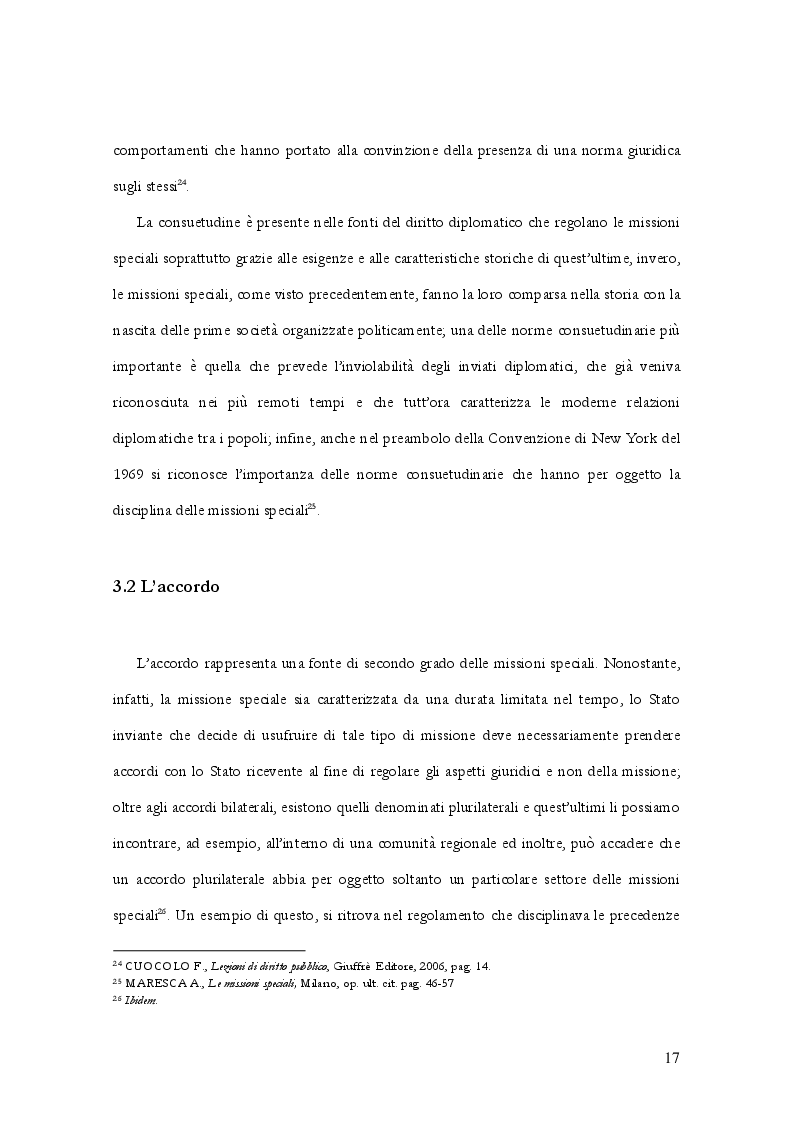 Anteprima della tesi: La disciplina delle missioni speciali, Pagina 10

...

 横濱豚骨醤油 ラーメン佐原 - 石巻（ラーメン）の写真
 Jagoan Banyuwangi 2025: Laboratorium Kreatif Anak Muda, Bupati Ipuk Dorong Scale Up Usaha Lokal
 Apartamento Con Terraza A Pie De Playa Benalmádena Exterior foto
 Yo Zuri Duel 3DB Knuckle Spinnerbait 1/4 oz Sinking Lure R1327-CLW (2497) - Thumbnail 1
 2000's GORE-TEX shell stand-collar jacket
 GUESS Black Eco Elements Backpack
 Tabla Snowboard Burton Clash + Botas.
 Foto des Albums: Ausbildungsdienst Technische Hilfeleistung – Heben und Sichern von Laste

* * *

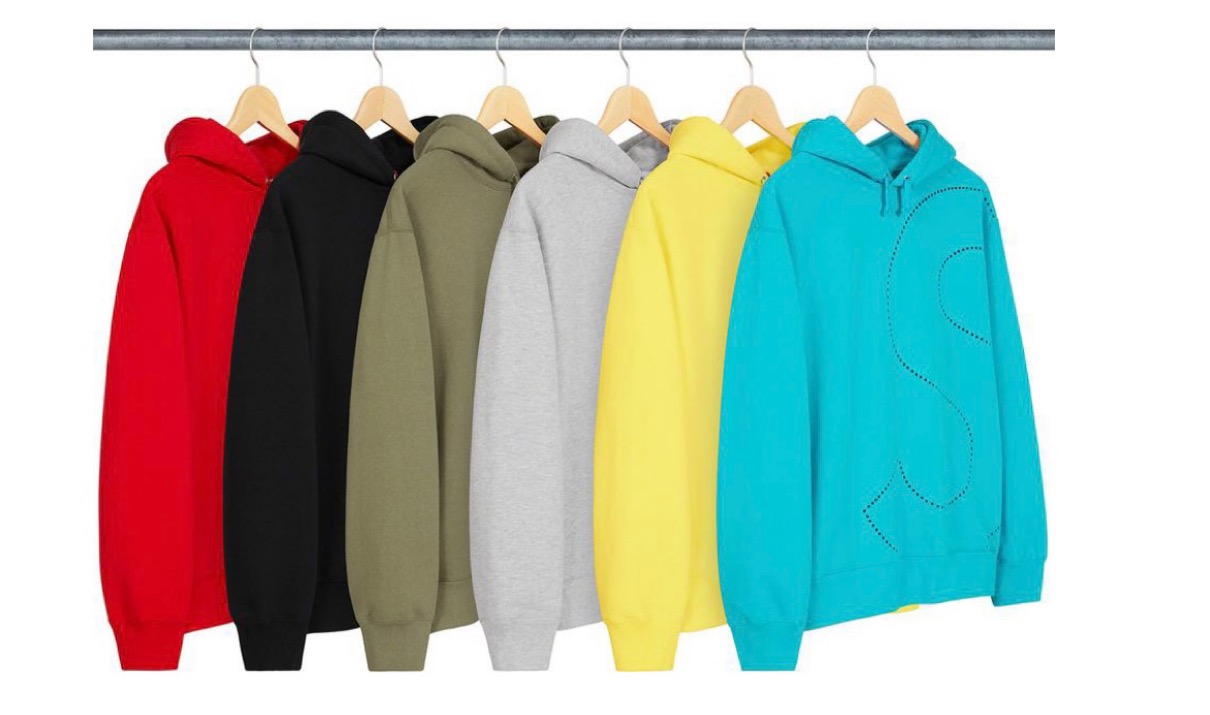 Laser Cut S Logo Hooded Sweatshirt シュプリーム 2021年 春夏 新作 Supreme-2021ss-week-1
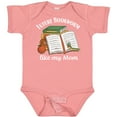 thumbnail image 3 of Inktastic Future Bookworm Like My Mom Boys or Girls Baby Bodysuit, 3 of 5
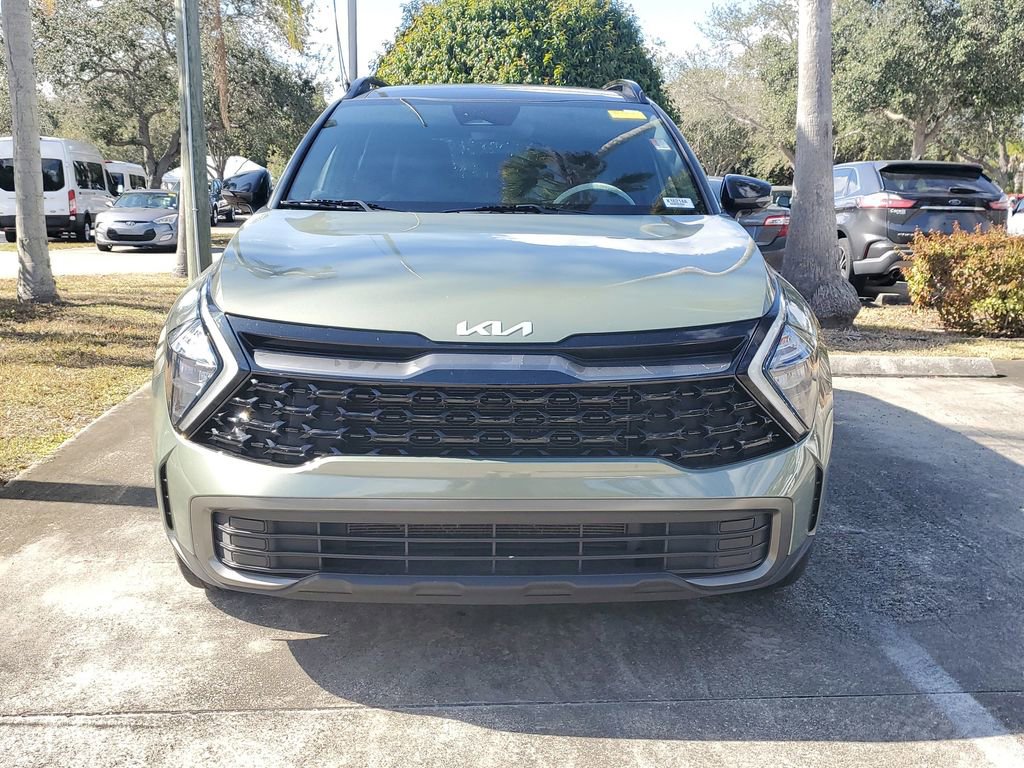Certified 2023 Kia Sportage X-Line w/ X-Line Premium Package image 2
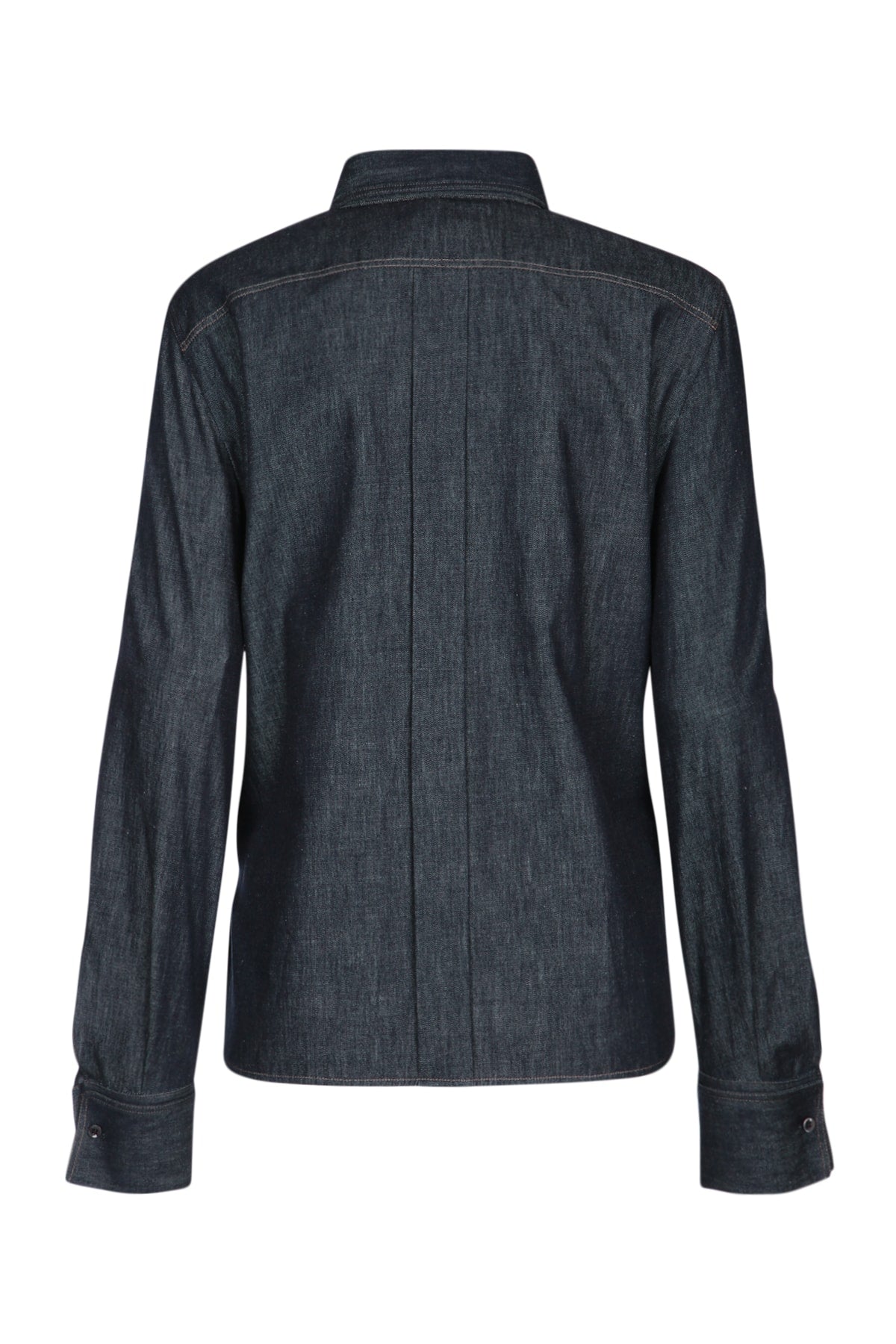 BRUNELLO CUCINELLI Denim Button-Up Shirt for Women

• Exercise directions
Copy word for word only the lines above from the one with "Certified 2023 Kia" through the one with "BRUNELLO CUCINELLI Denim". Leave pictures out.

• Answer below
Certified 2023 Kia Sportage X-Line w/ X-Line Premium Package image 2
 BRUNELLO CUCINELLI Denim Button-Up Shirt for Women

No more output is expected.